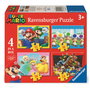 Ravensburger Puzzle 4 Formas Super Mario 12004107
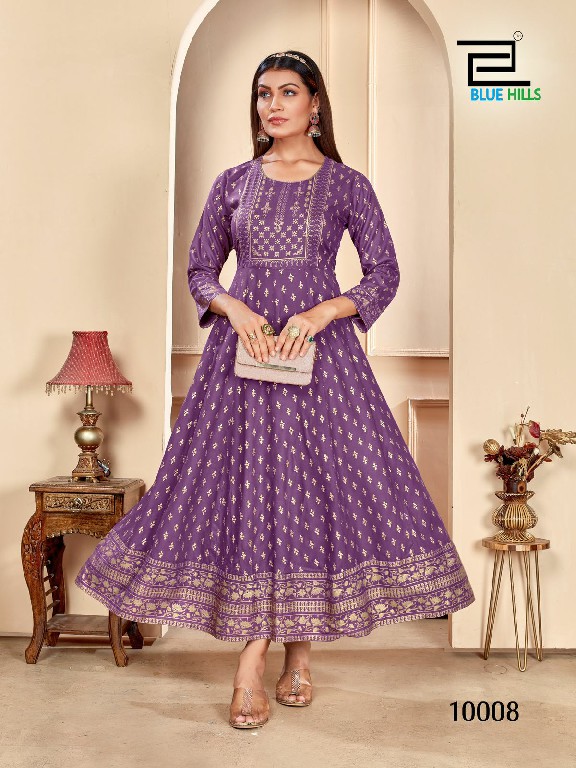 Blue Hills Womania Vol-10 Wholesale Flair Anarkali Kurtis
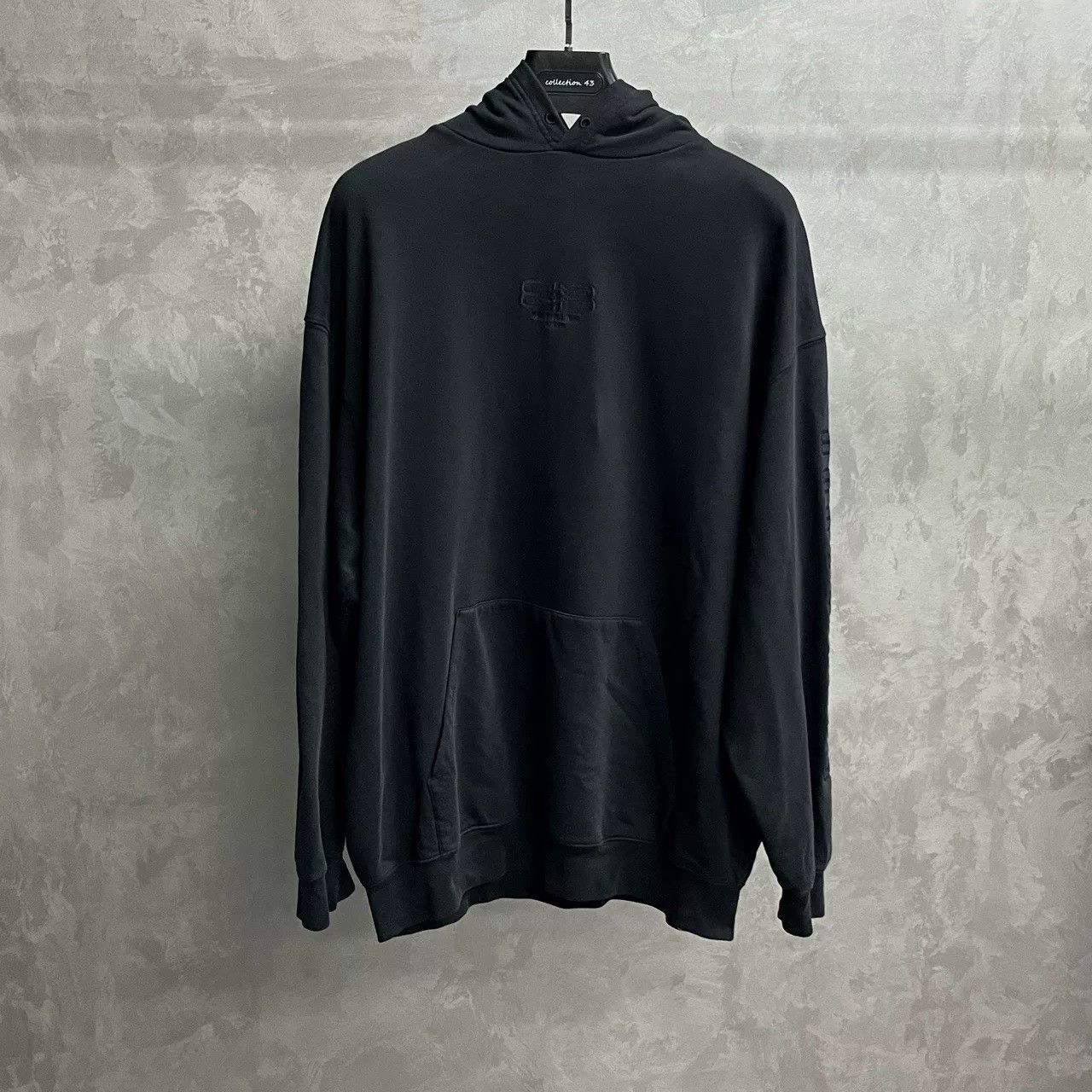 Balenciaga Balenciaga Black Logo Embroidered Hoodie Size US L / EU 52-54 / 3 - 1 Thumbnail
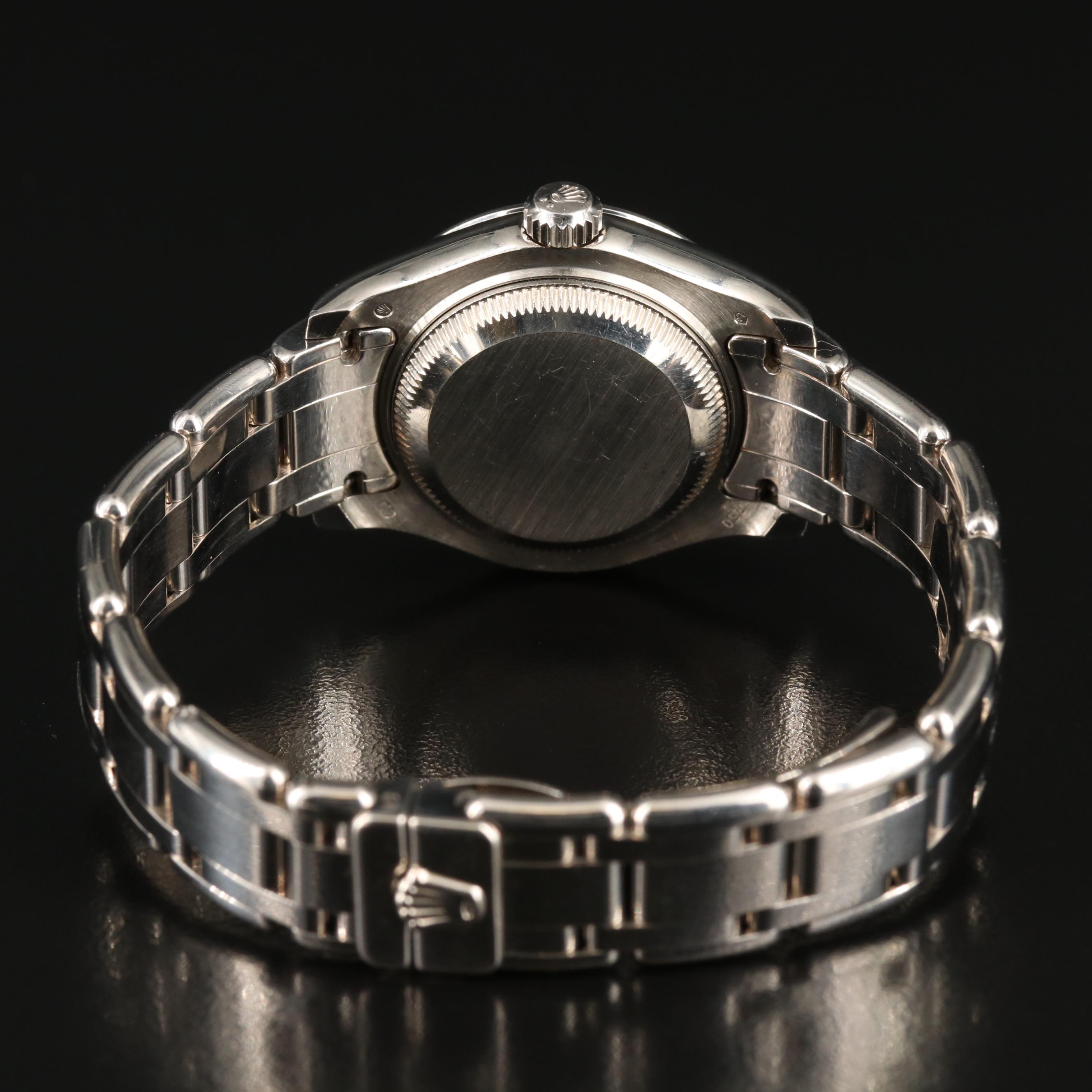 2000 Rolex Pearlmaster 1.54 CTW Factory Diamond Dial & Bezel 18K Gold Watch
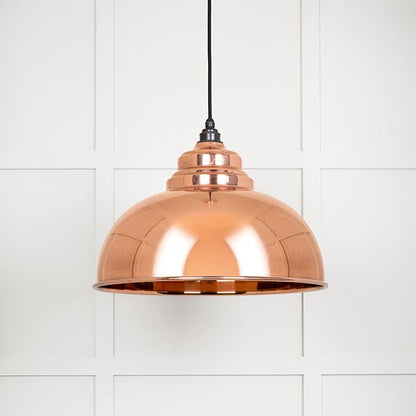 Smooth Copper Harborne Pendant by From The Anvil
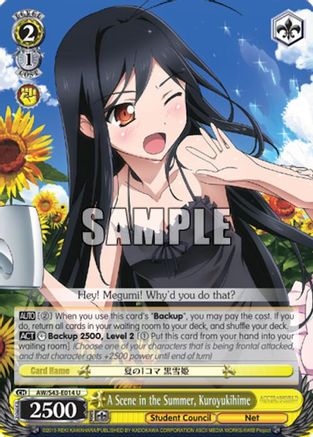 A Scene in the Summer, Kuroyukihime (AW/S43-E014 U) - Accel World -Infinite Burst-
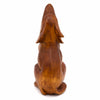 Howling Wolf Woodcarving Medium-Siesta Crafts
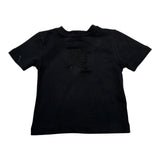 Elisabetta Franchi T-Shirt Girocollo Tinta Unita con Stampa per Neonata EGTS082 NERO ELISABETTA FRANCHI 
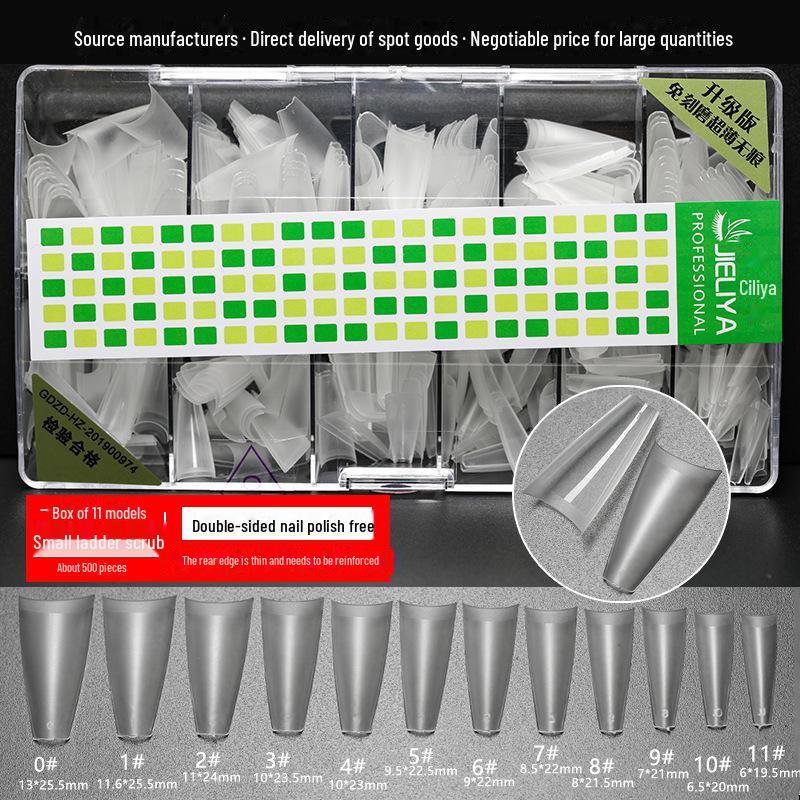 Ultra-Thin Handmade Long Ladder Nail Art Patch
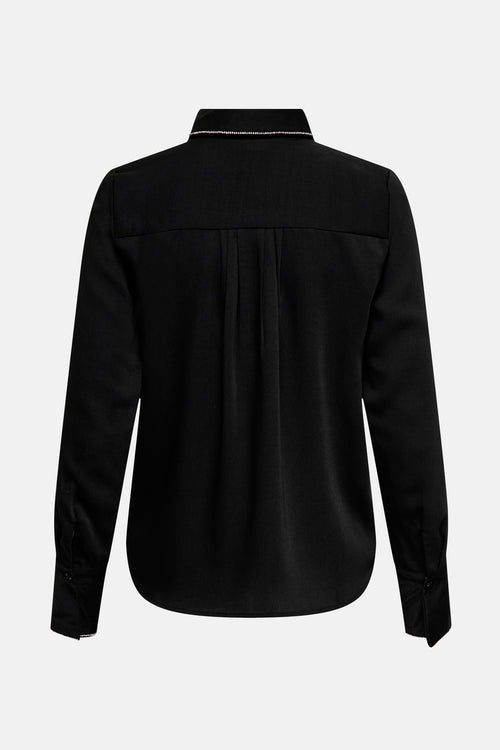 Chemise à manches longues - noir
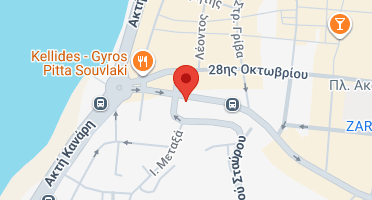 Location of business on map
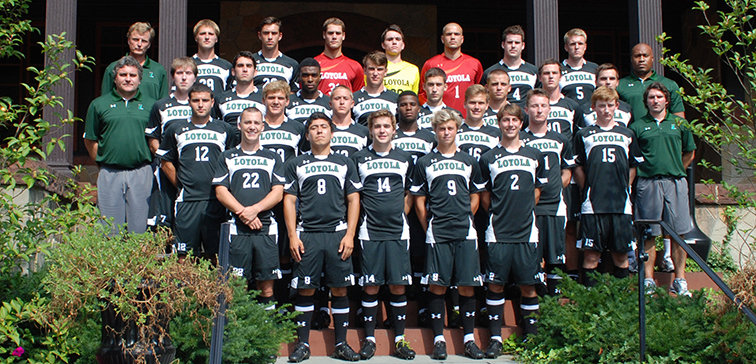 A Picture of the Loyola Mens Soccer Team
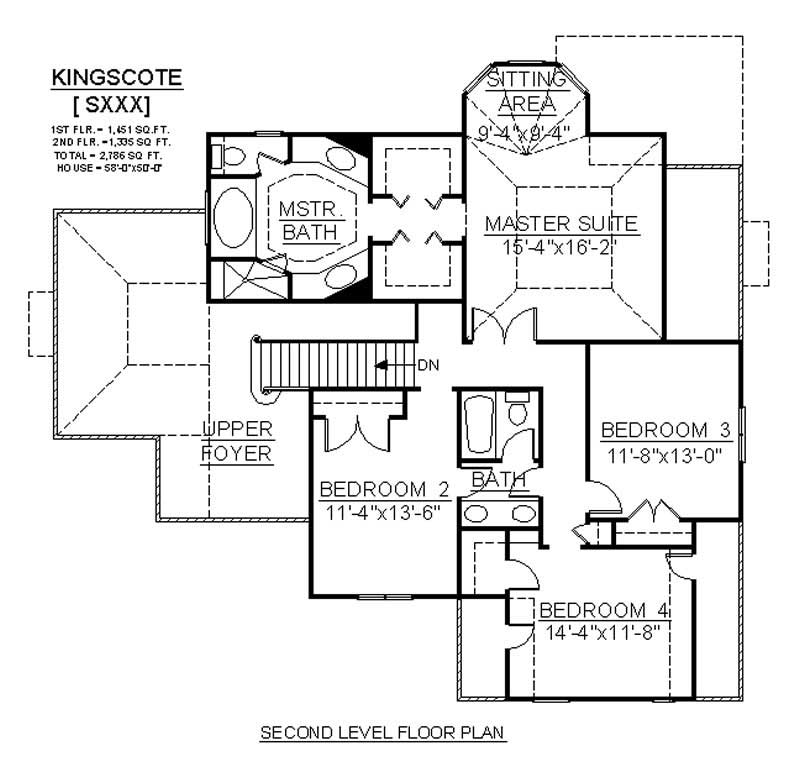 SECOOND FLOOR PLAN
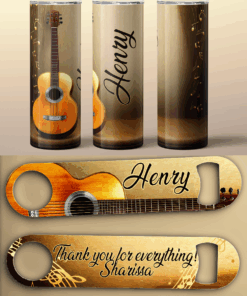Guitar tumbler/Opener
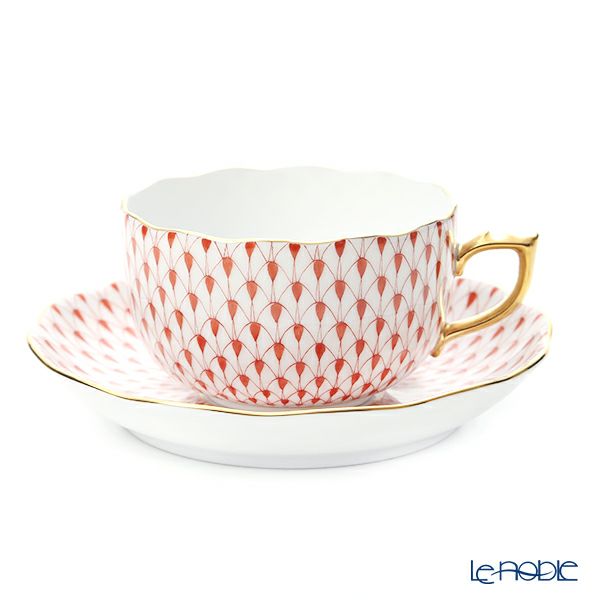 ヘレンド エカイユレッド VH 20724-0-00 ティーカップ＆ソーサー 200ml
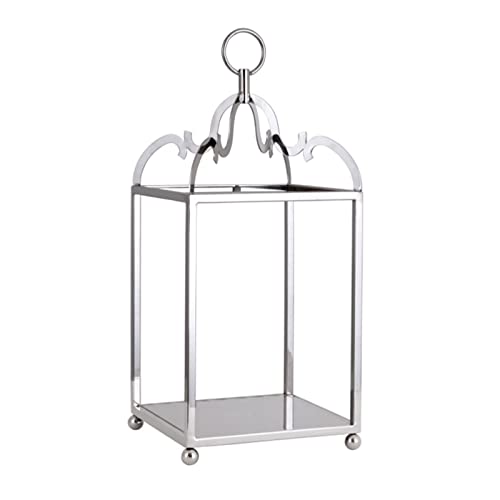 Soporte cuadrado de acero inoxidable para tartas de postre con asa y patas antideslizantes, soporte creativo para cupcakes, ideal para hoteles, repostería, bodas, cumpleaños, fiestas y frutas ( )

::::::

**Your objective:** Repeat the listing exactly, minus its pictures.

**Solution to this problem:**
 Ravensburger Puzzle 4 Formas Super Mario 12004107
 Blue Hills Womania Vol-10 Wholesale Flair Anarkali Kurtis
 Balenciaga Balenciaga Black Logo Embroidered Hoodie Size US L / EU 52-54 / 3 - 1 Thumbnail
 2000 Rolex Pearlmaster 1.54 CTW Factory Diamond Dial & Bezel 18K Gold Watch
 Smooth Copper Harborne Pendant by From The Anvil
 A Scene in the Summer, Kuroyukihime (AW/S43-E014 U) - Accel World -Infinite Burst-
 Howling Wolf Woodcarving Medium-Siesta Crafts
 Elisabetta Franchi T-Shirt Girocollo Tinta Unita con Stampa per Neonata EGTS082 NERO ELISABETTA FRANCHI 
 Ultra-Thin Handmade Long Ladder Nail Art Patch
 Chemise à manches longues - noir
 Location of business on map
 A Picture of the Loyola Mens Soccer Team
 SECOOND FLOOR PLAN
Guitar tumbler/Opener
 ヘレンド エカイユレッド VH 20724-0-00 ティーカップ＆ソーサー 200ml
 Soporte cuadrado de acero inoxidable para tartas de postre con asa y patas antideslizantes, soporte creativo para cupcakes, ideal para hoteles, repostería, bodas, cumpleaños, fiestas y frutas ( )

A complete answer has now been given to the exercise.